* ACTION ITEM
With both ends included, repeat exactly the lines of the entries below from the one containing "Milky Subway The" down to the one containing "Books Frontpage Oxford", and no others.

* DATA FOR THE TASK

______________________________

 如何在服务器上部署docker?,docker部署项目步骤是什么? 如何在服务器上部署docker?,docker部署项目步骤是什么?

______________________________

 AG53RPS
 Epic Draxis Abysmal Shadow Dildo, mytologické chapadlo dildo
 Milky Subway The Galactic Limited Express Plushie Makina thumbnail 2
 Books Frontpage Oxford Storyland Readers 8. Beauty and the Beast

______________________________

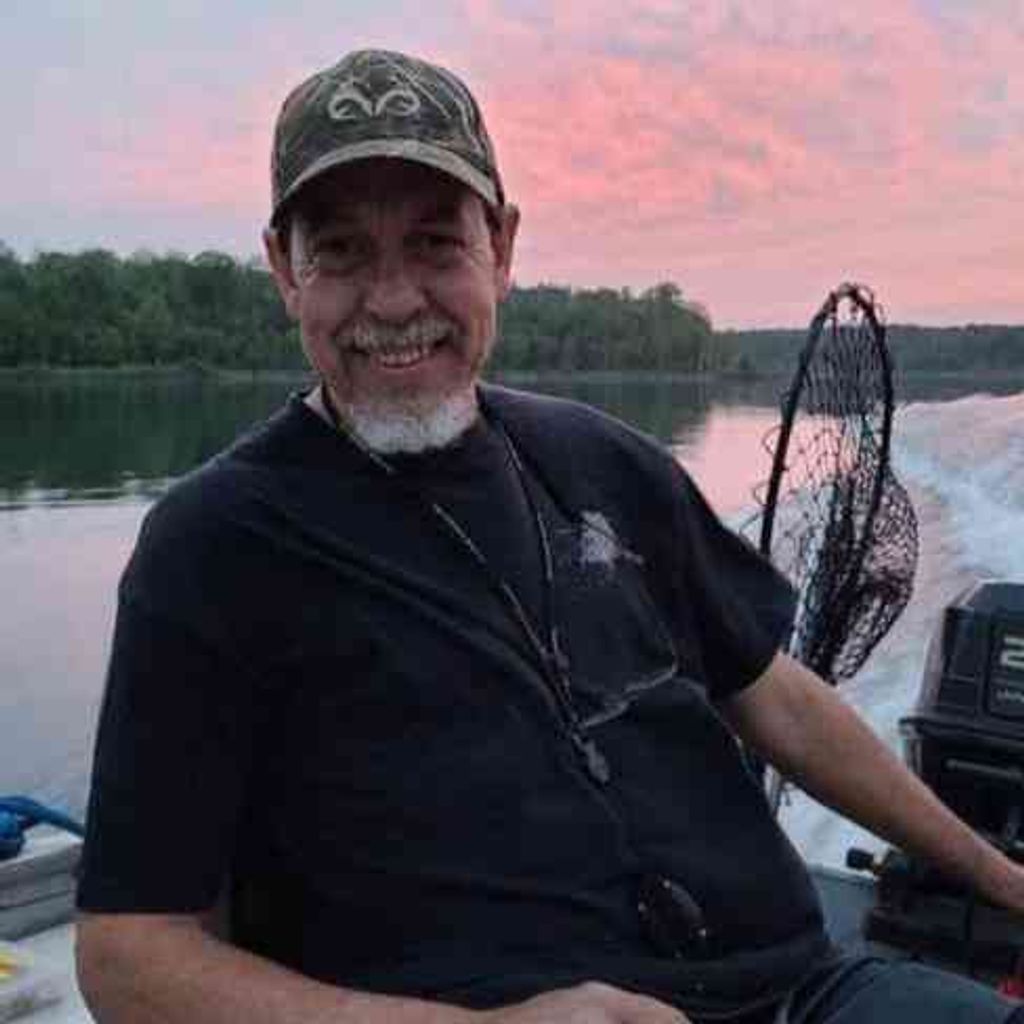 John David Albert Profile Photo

______________________________

* PROBLEM SOLUTION
 Milky Subway The Galactic Limited Express Plushie Makina thumbnail 2
 Books Frontpage Oxford Storyland Readers 8. Beauty and the Beast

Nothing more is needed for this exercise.